Portland school harmonizes with nature for elevated learning experience

Gilkey International Middle School in Portland, Oregon, recently underwent a transformation to enhance its learning spaces, foster a stronger connection with its natural surroundings, and allow for greater social development of its students. Photos courtesy Bruce Damonte

Gilkey International Middle School in Portland, Oregon, recently underwent a transformation to enhance its learning spaces, foster a stronger connection with its natural surroundings, and allow for greater social development of its students.

Portland-based studio Hacker Architects was responsible for the architecture and interiors, while PLACE provided landscape architecture services. Standridge, Inc. served as the civil engineer, Madden & Baughman Engineering, Inc. was the structural engineer, and PAE was the mechanical, electrical, and plumbing (MEP) engineer.

The project client, French American International School (FAIS), began thinking about how to replace their 20-year-old modular structures with permanent buildings, designed to optimize social independence for middle school students and enhance their learning. At the time, the students were taught in scattered buildings with outdoor circulation in a rainy climate, with no dry, tempered social spaces for gathering, informal learning, or independent student discovery. This led FAIS to choose the new middle school as their first prioritized project.

A view of the school’s front facade.

FAIS set bold goals for sustainability and resilience for the school and the rest of the campus. Its multilingual and internationally focused curriculum aims to prepare the next generation of global leaders and creative thinkers. It has also been strongly influenced by the adjacent forest and the abundance of hands-on learning opportunities in the habitats, ecosystems, and life cycles students can observe there.

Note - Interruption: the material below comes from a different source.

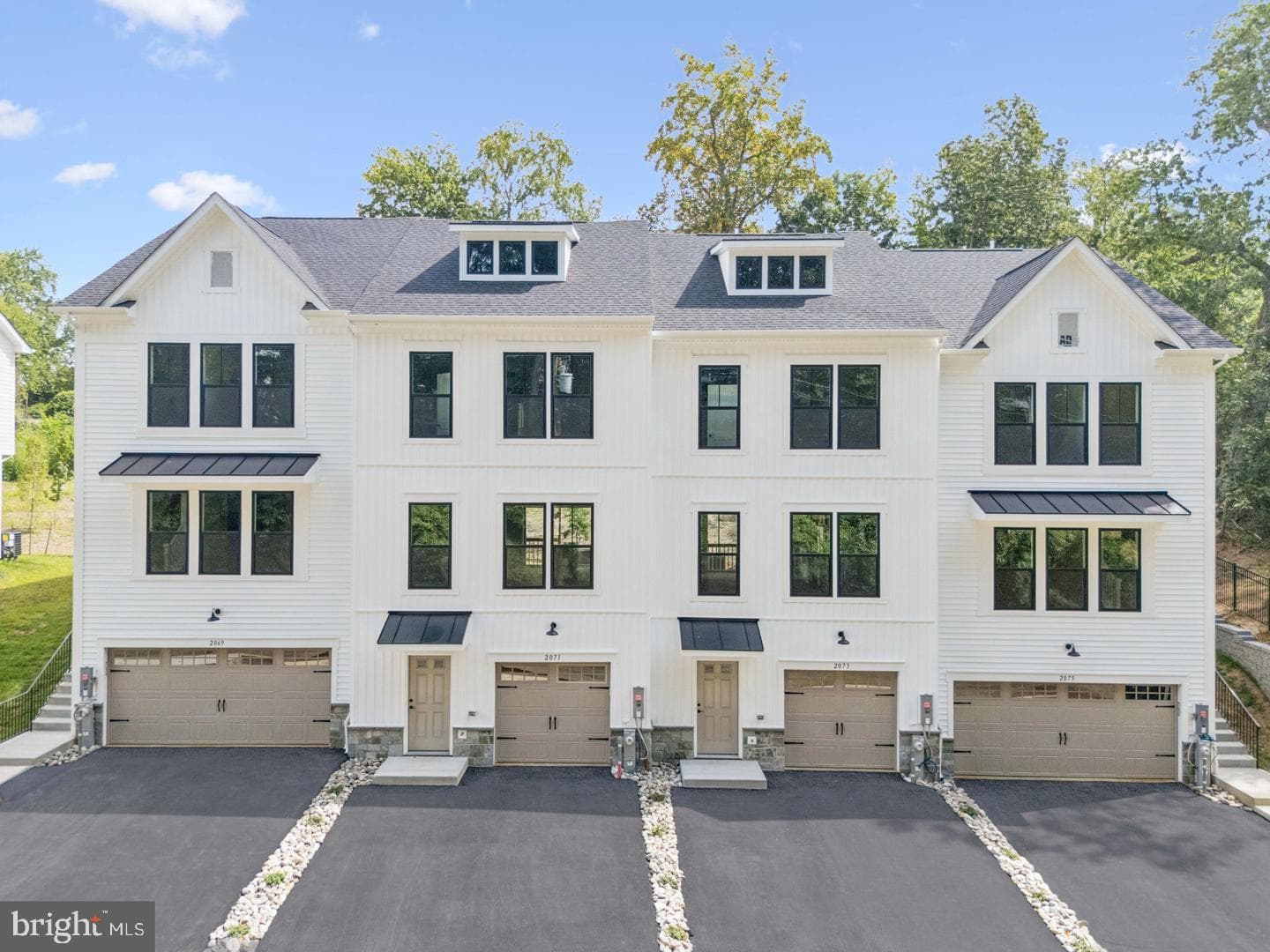 2071 Old Admiral Court photo 1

The design solution took inspiration from the nurse logs downslope of the site, whose decomposing masses serve as a nutritive substrate for a diversity of seedlings native to the forest. Hacker’s vision for the 2462-m2 (26,500-sf) project emerged out of this environment—to create a habitat for middle schoolers which would feed their hearts, minds, and bodies; encourage them to work in collaboration with their teachers; and challenge them to find their own inspiration and independence.

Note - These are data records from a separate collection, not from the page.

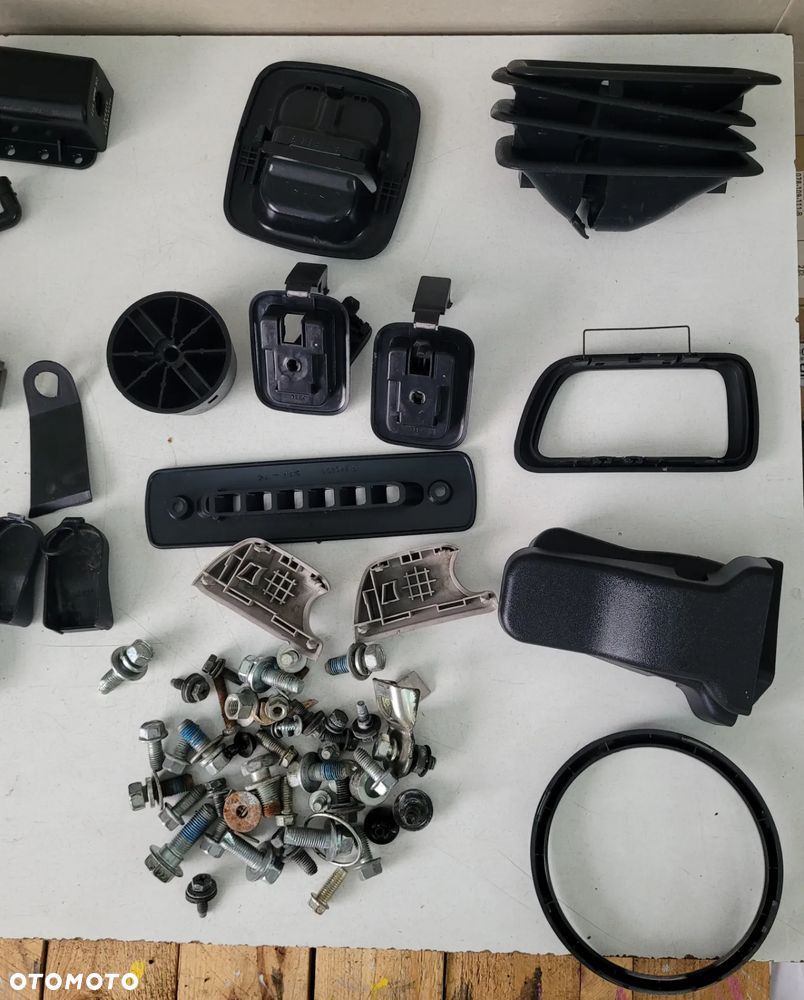 CZĘŚCI WYPOSAŻENIA MITSUBISHI PAJERO III 07-15 - 6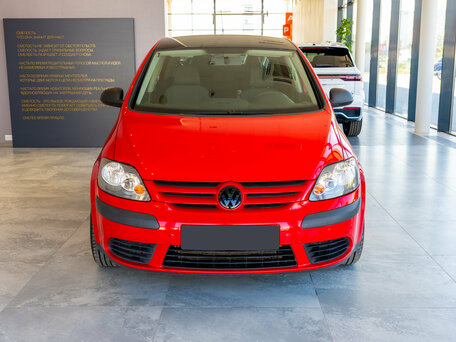 2008 Volkswagen Golf Plus Cross I, красный, 1100000 рублей, вид 2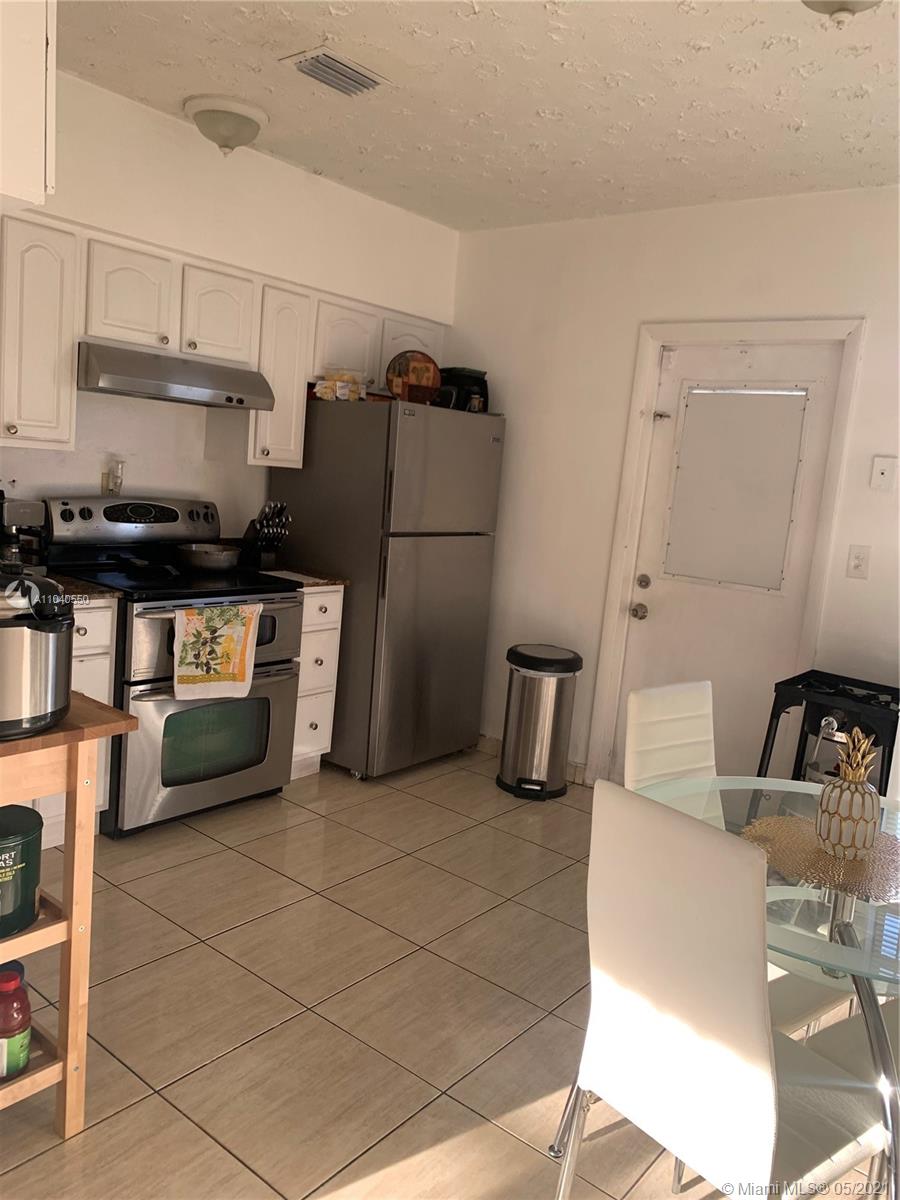 See details / 1888 sq. ft. $ 2021-05-11 0 Photo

The design concept clusters the program spaces to create “cabins in the woods,” another element inspired by the forest setting. It consists of 14 classrooms, five teacher pods, and administration offices. Each cabin’s interior and exterior walls are clad in wood, bringing the forest through the building and blurring the lines between inside and out. The cabins are organized in a boomerang shape, which follows the site’s topography, then unites under a roof with a sculptural form framing the view of the forest beyond. The space between the cabins is defined by large operable windows, visually and audibly connecting inhabitants to the forest and to the community activity.

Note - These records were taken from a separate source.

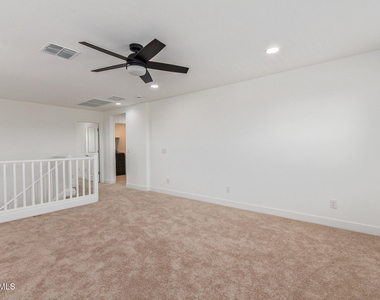 8931 W Colter Street - Photo Thumbnail 14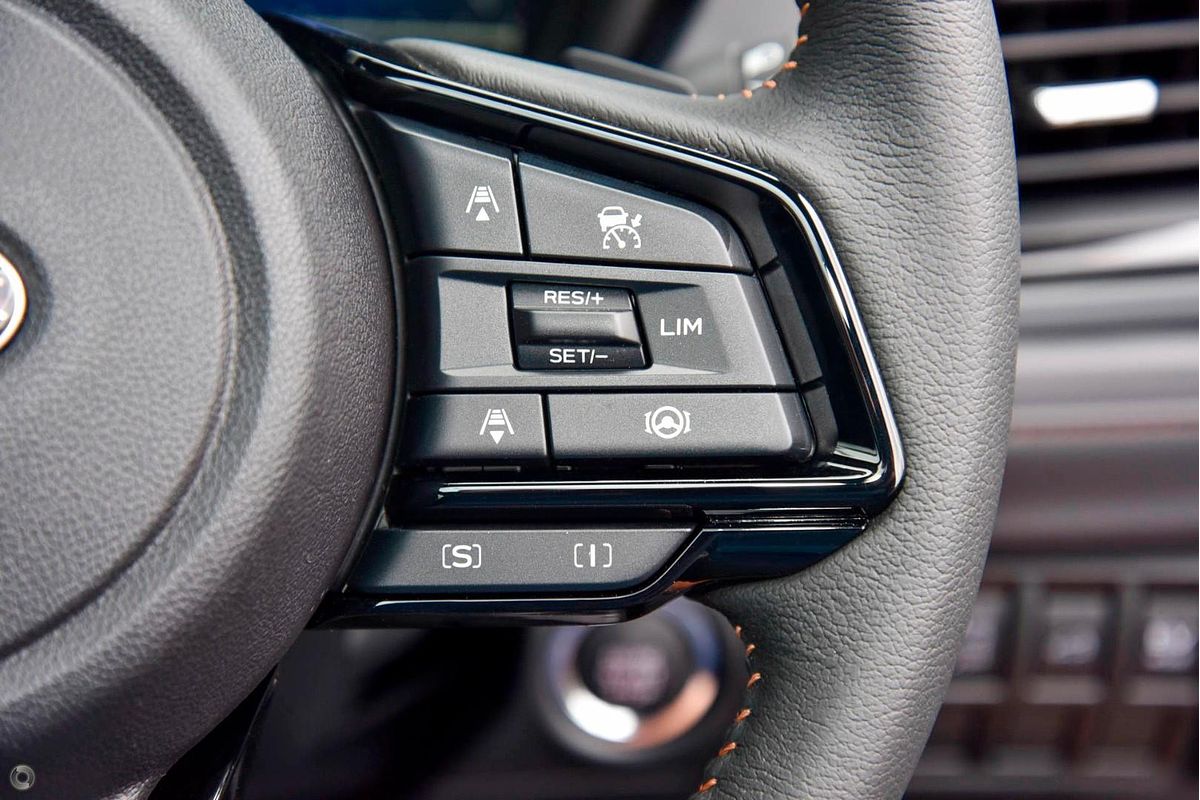 2025 Subaru Forester Hybrid Touring S6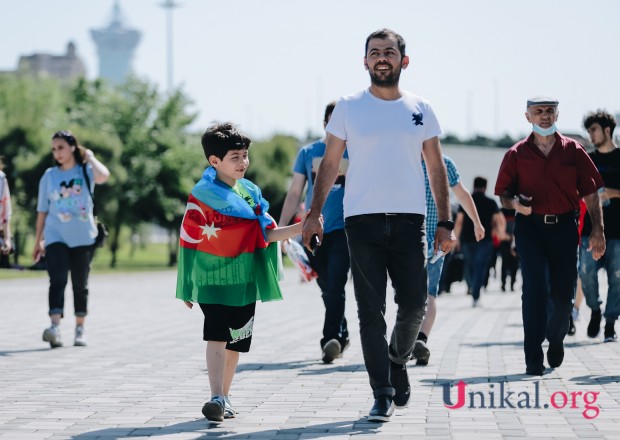 Azarkeşlər Bakı Olimpiya Stadionuna toplaşır - FOTOLAR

A view of the school’s interior where wood is the predominant material in the roof and covered social spaces along the corridor create space for social independence and connectedness of middle schoolers.

A single-loaded corridor provides informal social learning, along with the Hub, a central two-story gathering space anchoring the entry sequence and promoting wayfinding throughout the building’s form. This configuration provides ample daylight and a connection to the landscape, while simultaneously allowing cross-ventilation to occur naturally.

The project is compliant with AIA 2030 guidelines, as well as the Energy Trust of Oregon’s Path to Net Zero program.